Well, clangd is a Google project, which Apple has decided to start contributing to, so probably doesn’t belong on your list.

Apple, like everyone else, wants to commoditize their complements.

Clang was an Apple project from the start.. I'm not sure what is telling you it is a Google project

Clangd != clang.

Woolvalley said “and now recently clangd“, which is a source code completion server which began its life at Google.

Clang did start its life with Apple.

In case a citation is needed: https://en.wikipedia.org/wiki/Clang

> Apple chose to develop a new compiler front end from scratch, supporting C, Objective-C and C++. This "clang" project was open-sourced in July 2007.

I believe the "d" in the GP comment was not a typo https://news.ycombinator.com/item?id=16874734

~~How is it different from when Apple acquired the then-open-source FoundationDB (and shut down public access)? They could have just kept it open source back then.~~

EDIT: My bad, looks like FoundationDB wasn't fully open-source back then.

From what I recall (and based on some quick retro-googling) I don't believe Foudnation was open-source. One of the complaints about it on HN back in the day was that it was closed...

You are correct, FoundationDB was free but never OSS.

You can even check the comments on the HN thread [1] when they removed the downloads.
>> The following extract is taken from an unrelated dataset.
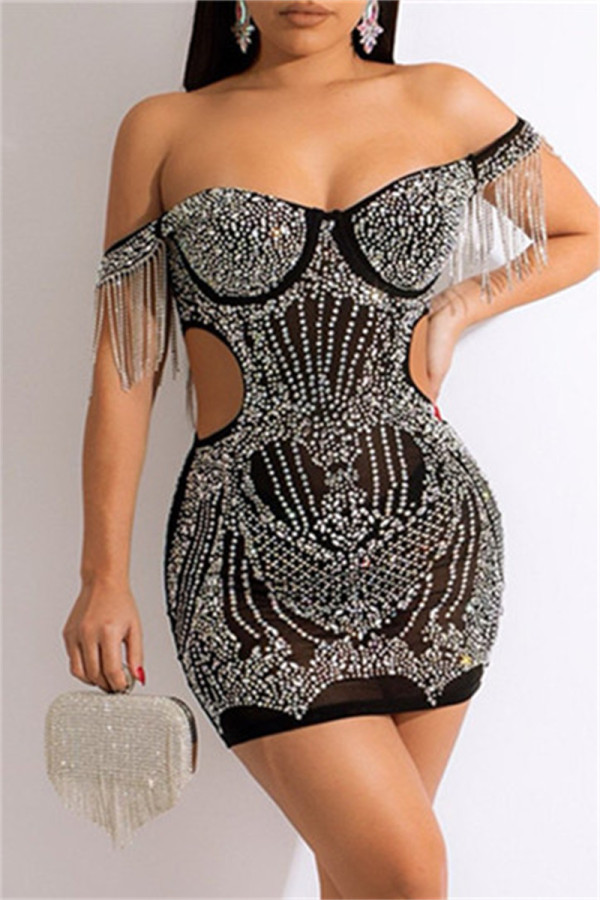 Black Fashion Sexy Patchwork Hot Drilling Hollowed Out Backless Off the Shoulder A Line Dresses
[1] https://news.ycombinator.com/item?id=9259986

> In fact, our everyday testing was way more brutal than Jepsen, I gave a talk about it here: https://www.youtube.com/watch?v=4fFDFbi3toc

Unrelated to the original topic, but I had never come across that talk and it is great. I use the same basic approach to testing distributed systems (simulating all non-deterministic I/O operations) and that talk is a very good introduction to the principle.
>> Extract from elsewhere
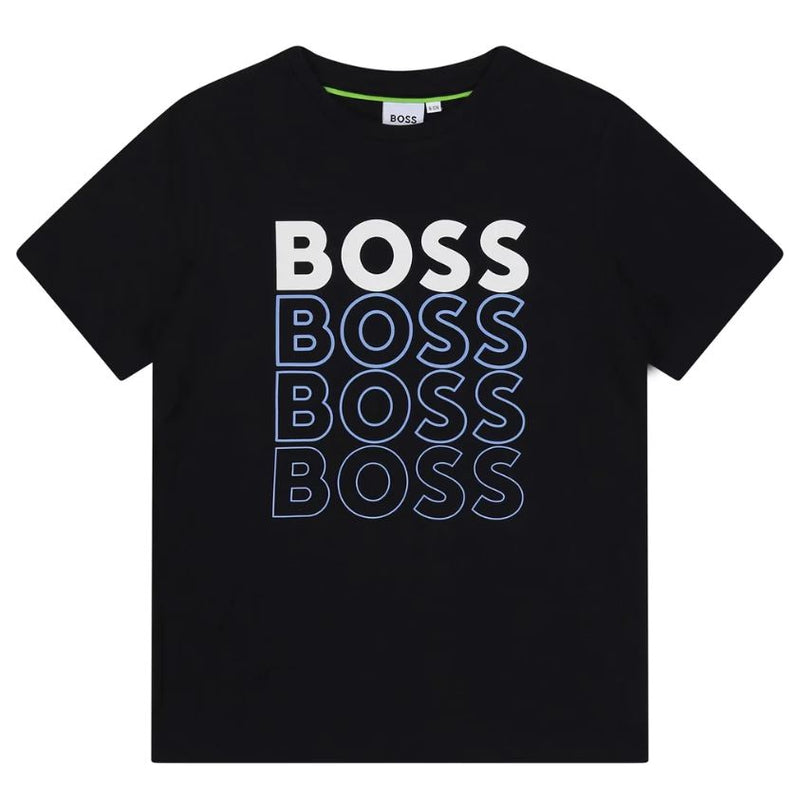 BOSS Boys Navy Gradient Logo Short Sleeve T-shirt BOSS Boys Navy Gradient Logo Short Sleeve T-shirt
In reinforcement learning, the same approach (simulation) to addressing a data deficit is used, although the goal there is learning and not testing.

When certain events happen rarely, you have fake them deterministically so that you have reproducible coverage.

Know of any ideas around using this for long term Time Series data? Wonder if maybe something like OpenTSDB but with this as backend instead of hbase (which can be a sort of operational hell)

Yes :) it's the core of how Wavefront stores telemetry.

Not quite the same but TimescaleDB is Postgres-based and is showing a lot of promise for time-series data.

How would you replace a Lucene/Elasticsearch index with foundationDb?

It's more like you would build a better Elasticsearch using Lucene to do the indexing and FoundationDB to do the storage. FoundationDB will make it fault tolerant and scalable; the other pieces will be stateless.

It'd take a low number of hours to wire up FoundationDB as a Lucene filesystem (Directory) implementation. Shared filesystem with a local RAM cache has been practical for a while in Lucene, and was briefly supported then deprecated in Elasticsearch. I've used Lucene on top of HDFS and S3 quite nicely.

If you have a reason to use FoundationDB over HDFS, NFS, S3, etc, then this will work well.

Doing a Lucene+DB implementation where each entry posting lists are stored natively in the key-value system was explored for Lucene+Cassandra as (https://github.com/tjake/Solandra). It was horrifically slow, not because Cassandra was slow, but because posting lists are optimized and putting them in a generalized b-tree or LSM-tree variant will remove some locality and many of the possible optimizations.

I'm still holding out some hope for a hybrid implementation where posting list ranges are stored in a kv store.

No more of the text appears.